I'll have to get back to you on histogram. I shot all these through the viewfinder, which is how I was used to it way back when I owned an AE-1 some 20 years ago! Heck, I'm still getting used to the fact you can even change ISO from picture to picture, rather than finishing the whole roll of film first!

I customized one or two things in the initial camera setup, but pretty much shot with the settings as they came out of the box. I used Aperture mode, usually f/2.0 or 2.2 for lower-light. Lens was the 50mm 1.8 II.

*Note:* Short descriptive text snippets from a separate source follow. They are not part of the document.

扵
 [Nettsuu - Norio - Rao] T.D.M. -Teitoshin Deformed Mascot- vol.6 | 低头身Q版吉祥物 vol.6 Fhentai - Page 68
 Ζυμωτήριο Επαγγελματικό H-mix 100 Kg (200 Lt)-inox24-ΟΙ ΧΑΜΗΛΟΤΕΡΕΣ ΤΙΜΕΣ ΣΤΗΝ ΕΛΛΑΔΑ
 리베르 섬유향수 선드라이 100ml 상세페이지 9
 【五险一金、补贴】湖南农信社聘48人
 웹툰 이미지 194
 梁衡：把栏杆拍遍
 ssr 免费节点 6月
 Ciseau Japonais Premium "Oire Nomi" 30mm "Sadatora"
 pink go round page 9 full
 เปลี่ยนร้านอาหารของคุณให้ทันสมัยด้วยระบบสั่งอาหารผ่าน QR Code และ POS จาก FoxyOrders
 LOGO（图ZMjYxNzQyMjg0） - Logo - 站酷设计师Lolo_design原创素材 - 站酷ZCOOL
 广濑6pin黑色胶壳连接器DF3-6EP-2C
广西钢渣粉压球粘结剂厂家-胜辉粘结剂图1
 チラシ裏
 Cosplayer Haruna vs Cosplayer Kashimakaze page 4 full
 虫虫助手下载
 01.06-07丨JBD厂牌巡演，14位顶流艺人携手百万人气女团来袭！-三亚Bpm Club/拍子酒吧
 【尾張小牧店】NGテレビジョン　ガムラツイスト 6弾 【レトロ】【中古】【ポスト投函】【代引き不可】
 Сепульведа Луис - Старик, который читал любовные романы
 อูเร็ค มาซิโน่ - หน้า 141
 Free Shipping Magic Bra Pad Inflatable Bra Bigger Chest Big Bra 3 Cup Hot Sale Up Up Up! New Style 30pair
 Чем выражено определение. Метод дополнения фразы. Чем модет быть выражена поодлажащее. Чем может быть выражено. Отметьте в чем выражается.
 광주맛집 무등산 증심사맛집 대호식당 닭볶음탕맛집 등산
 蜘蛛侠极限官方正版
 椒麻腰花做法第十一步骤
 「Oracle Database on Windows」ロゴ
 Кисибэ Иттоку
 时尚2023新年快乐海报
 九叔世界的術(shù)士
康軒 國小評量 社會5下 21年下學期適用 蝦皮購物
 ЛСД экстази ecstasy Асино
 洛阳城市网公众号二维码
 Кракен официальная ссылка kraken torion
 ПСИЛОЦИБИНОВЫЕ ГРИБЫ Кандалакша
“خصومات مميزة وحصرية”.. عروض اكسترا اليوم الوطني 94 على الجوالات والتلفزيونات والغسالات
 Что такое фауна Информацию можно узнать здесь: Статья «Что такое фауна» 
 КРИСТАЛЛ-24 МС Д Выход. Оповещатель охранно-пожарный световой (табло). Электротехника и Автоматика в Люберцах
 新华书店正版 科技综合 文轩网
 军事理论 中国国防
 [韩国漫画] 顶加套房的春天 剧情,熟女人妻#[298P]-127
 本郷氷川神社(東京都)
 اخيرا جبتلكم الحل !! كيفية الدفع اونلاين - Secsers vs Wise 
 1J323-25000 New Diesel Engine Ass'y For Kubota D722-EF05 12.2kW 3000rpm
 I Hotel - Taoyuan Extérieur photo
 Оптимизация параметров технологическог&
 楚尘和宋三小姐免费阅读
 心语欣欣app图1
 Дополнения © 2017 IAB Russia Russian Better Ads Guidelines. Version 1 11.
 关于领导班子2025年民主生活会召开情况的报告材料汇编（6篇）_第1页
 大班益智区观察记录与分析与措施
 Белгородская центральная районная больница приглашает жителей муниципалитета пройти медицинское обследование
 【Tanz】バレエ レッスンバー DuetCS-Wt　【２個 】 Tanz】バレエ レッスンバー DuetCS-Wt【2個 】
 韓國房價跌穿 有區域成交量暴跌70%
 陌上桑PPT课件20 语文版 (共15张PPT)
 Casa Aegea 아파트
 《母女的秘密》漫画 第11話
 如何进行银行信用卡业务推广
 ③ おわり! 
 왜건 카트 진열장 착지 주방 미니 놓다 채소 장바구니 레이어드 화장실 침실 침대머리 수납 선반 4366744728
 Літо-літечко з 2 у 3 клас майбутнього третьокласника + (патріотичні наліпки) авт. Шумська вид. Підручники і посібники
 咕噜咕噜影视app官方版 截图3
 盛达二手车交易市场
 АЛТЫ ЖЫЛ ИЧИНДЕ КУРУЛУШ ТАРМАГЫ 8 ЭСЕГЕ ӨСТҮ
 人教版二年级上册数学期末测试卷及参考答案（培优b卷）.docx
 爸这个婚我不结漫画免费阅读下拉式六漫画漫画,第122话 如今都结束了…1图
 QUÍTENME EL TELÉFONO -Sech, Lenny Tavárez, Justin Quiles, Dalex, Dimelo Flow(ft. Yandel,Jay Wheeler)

Below are some examples of what I was up against. First sets the stage. Dark background. Bass player had a red stage light on him, and he's wearing a red shirt too! Lovely. The young lady had two white lights shining down on her, and the guitarist had a yellow light on him. There was also outside light coming in from a large window on the right side of the stage. I have many shots that came out very similar to this one:

QUOTED IMAGE
IMAGE LINK: http://www.flickr.com …/44279927@N07/7​288983366/  (external link)
IMG_0263 (external link) by RichPadula (external link), on Flickr

In looking at this first picture after the fact, it looks like (a) it focused on the background,(b) there is also some motion blur in the girl's hand, and (c) she is very overexposed, as are the guitarist's elbow and guitar face - there's very little detail in the wood grain.

(a) I can fix by aiming better. Of course, two weeks later I can't remember which of the red dots fired the focus. However, I thought I had it programmed to center point all the time. This is where the manual comes in, too, as my focus mode was one-shot. I didn't even know about auto/servo modes.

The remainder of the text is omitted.